Refer to the HACMP Administration Guide for more information.
Additional information for verifying the SNMP configuration on AIX 6
can be found in /usr/es/sbin/cluster/README5.5.0.UPDATE
HACMP Resource Group and Application Management

when I did smit cl_admin and gone into hamcp RG and Application management
show resource group and application management,
there was no output.

Thanks and regards
as55
Updated on 2012-08-08T07:07:59Z at 2012-08-08T07:07:59Z by ostost
  • Casey_B
    Casey_B
    29 Posts

    Re: cluster unstable

    ‏2009-10-30T14:15:35Z  
    Hello As755

    You seem to be describing two different problems.
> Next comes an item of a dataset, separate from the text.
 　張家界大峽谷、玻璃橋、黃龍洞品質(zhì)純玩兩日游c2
    the statement "cluster got unstable" is vague. Do you meant that
    the output of clstat showed the cluster unstable?

    Or do you mean something happened to the cluster, and the resources?
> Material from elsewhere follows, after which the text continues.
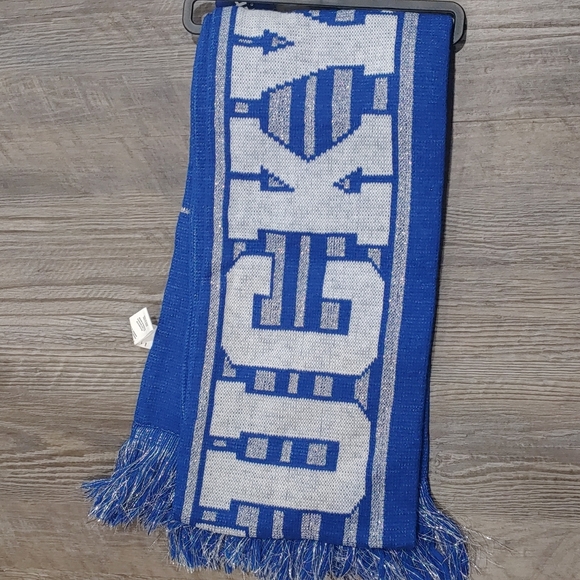 NCAA University of Kentucky Wildcats Scarf Forever Collectibles - Picture 4 of 4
    You should start checking hacmp.out to see if there are any errors.

    Second problem, you didn't mention whether you restarted the cluster after rebooting.
    Unless it is configured to do so, the cluster services will not start upon boot.

    Check the output of lssrc -ls clstrmgrES to see if the "Current State" is ST_STABLE.
    If it is ST_INIT, then you most likely did not start the cluster after rebooting.

    This is something that would be hard to debug over a forum, but your local support
    group can take a look at your snap -e, and probably help you pretty quickly.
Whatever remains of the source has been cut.